Can some one provide a working example or explanation?
The shortest possible summary is that a quaternion is just shorthand for a rotation matrix. Whereas a 4x4 matrix requires 16 individual values, a quaternion can represent the exact same rotation in 4.
For the mathematically inclined, I am fully aware that the above is super over-simplified.
To provide a little more detail, let's refer to the Wikipedia article:
Unit quaternions provide a convenient
mathematical notation for representing
orientations and rotations of objects
in three dimensions. Compared to Euler
angles they are simpler to compose and
avoid the problem of gimbal lock.
Compared to rotation matrices they are
more numerically stable and may be
more efficient
What isn't clear from that opening paragraph is that a quaternion is not only convenient, it's unique. If you have a particular orientation of an object, twisting on any number of axes, there exists a single unique quaternion that represents that orientation.
Again, for the mathematically inclined, my uniqueness comment above assumes right-handed rotations. There is an equivalent left-handed quaternion that rotates in the opposite direction around the opposite axis.
For the purpose of simple explanation, that is something of a distinction without a difference.
If you'd like to make a simple quaternion that represents rotation about an axis, here's a short series of steps that will get you there:
Pick your axis of rotation v = {x, y, z}. Just for politeness, please pick a unit vector: if it's not already of length 1, divide all the components by the length of v.
Pick an angle of rotation that you'd like to turn about this axis and call that theta.
The equivalent unit quaternion can be computed using the sample code below:
Quaternion construction:
q = { cos(theta/2.0), // This is the angle component
sin(theta/2.0) * x, // Remember, angle is in radians, not degrees!
sin(theta/2.0) * y, // These capture the axis of rotation
sin(theta/2.0) * z};
Note those divisions by two: those ensure that there's no confusion in the rotation. With a normal rotation matrix, rotating to the right 90 degrees is the same as rotating to the left by 270. The quaternions that are equivalent to those two rotations are distinct: you can't confuse one with the other.
EDIT: responding to the question in the comments:
Let's simplify the problem by setting the following frame of reference:
Pick the center of the screen as the origin (we're going to rotate around that).
X axis points to the right
Y axis points up (top of the screen)
Z axis points out of the screen at your face (forming a nice right handed coordinate system).
So, if we have an example object (say an arrow) that starts by pointing to the right (positive x axis). If we move the mouse up from the x axis, the mouse will provide us with a positive x and positive y. So, working through the series of steps:
double theta = Math.atan2(y, x);
// Remember, Z axis = {0, 0, 1};
// pseudo code for the quaternion:
q = { cos(theta/2.0), // This is the angle component
sin(theta/2.0) * 0, // As you can see, the zero components are ignored
sin(theta/2.0) * 0, // Left them in for clarity.
sin(theta/2.0) * 1.0};
You need some basic math to do what you need.

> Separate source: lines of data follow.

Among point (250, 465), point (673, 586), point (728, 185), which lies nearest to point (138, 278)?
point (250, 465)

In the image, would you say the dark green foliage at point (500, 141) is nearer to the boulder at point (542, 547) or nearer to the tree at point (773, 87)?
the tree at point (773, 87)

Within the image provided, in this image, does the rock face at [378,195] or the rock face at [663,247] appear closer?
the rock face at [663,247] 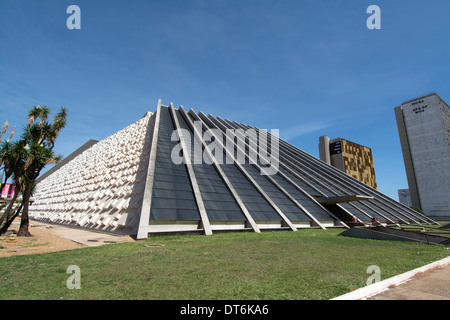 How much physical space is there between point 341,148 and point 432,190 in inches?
1328

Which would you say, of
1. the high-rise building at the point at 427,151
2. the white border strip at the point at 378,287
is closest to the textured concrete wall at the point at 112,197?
the white border strip at the point at 378,287

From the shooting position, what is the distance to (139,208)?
13555 millimetres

Basically, you rotate a point around an axis by multiyplying the matrix representing that point with a rotation matrix. The result is the rotated matrix represantation of that point.
The line
angleX = angleDegreesX * DEGTORAD;
just converts the degrees representation into a radians reprensentation by a simple formular (see this Wikipedia entry on Radians)
You can find some more information and examples of rotation matrizes here: Rotation around arbitrary axes
There are probably tools in your programming framework to do that rotation work and retrieve the matrices. Unfortunately, I cannot help you with the quaternions but your problems seem to be a little bit more basic.